Gustos al margen, es evidente que la sal ya no es una sola. En realidad, nunca lo fue, aunque durante años pretendieran ocultárnoslo dividiendo el mundo entre sal de mesa y sal gorda. Hoy, la sal se ha dignificado. Cocineros de la talla de Ferran Adrià proclaman alabanzas como ésta: “Es un producto mágico, que marca la diferencia.
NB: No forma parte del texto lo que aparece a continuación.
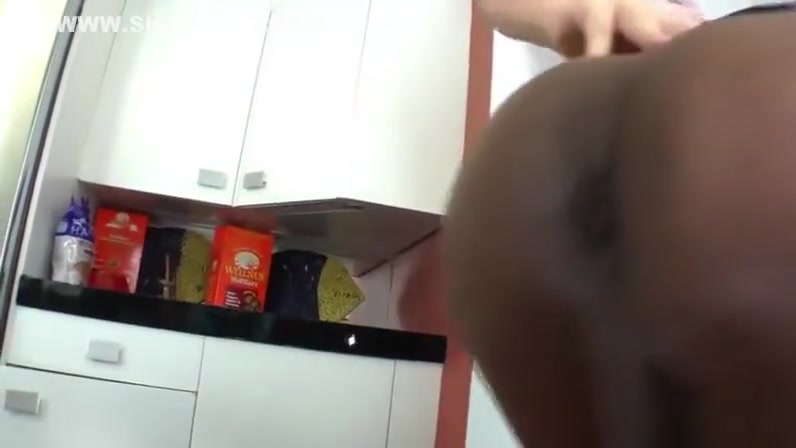 Black tranny gets rimmed after bj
En la cocina, lo primordial es el fuego, después la sal y en tercer lugar la leche”.
Y en las mejores tiendas de delicatessen la oferta de diversifica: hay sales españolas, portuguesas, inglesas, de lugares míticos (el Mar Muerto, el Himalaya), de playas paradisíacas (Es Trenc, en Mallorca); hay sales exóticas (la negra, de la India) y de andar por casa, también perfumadas y mezcladas con algas, especias, setas...
Pero lo mejor de todo este salado asunto es que la sal, por más buena y exclusiva que sea, es un lujo posible. Lo cual nos permite acaparar una buena cantidad de sales distintas en la despensa, para impresionar a los amigos y dar un toque distinto hasta al plato más sencillo. Una patata asada, por ejemplo, nunca sabrá igual con un toque de Halen Môn (la sal ahumada de Gales) que con una pizca de la delicada sal rosa del Himalaya.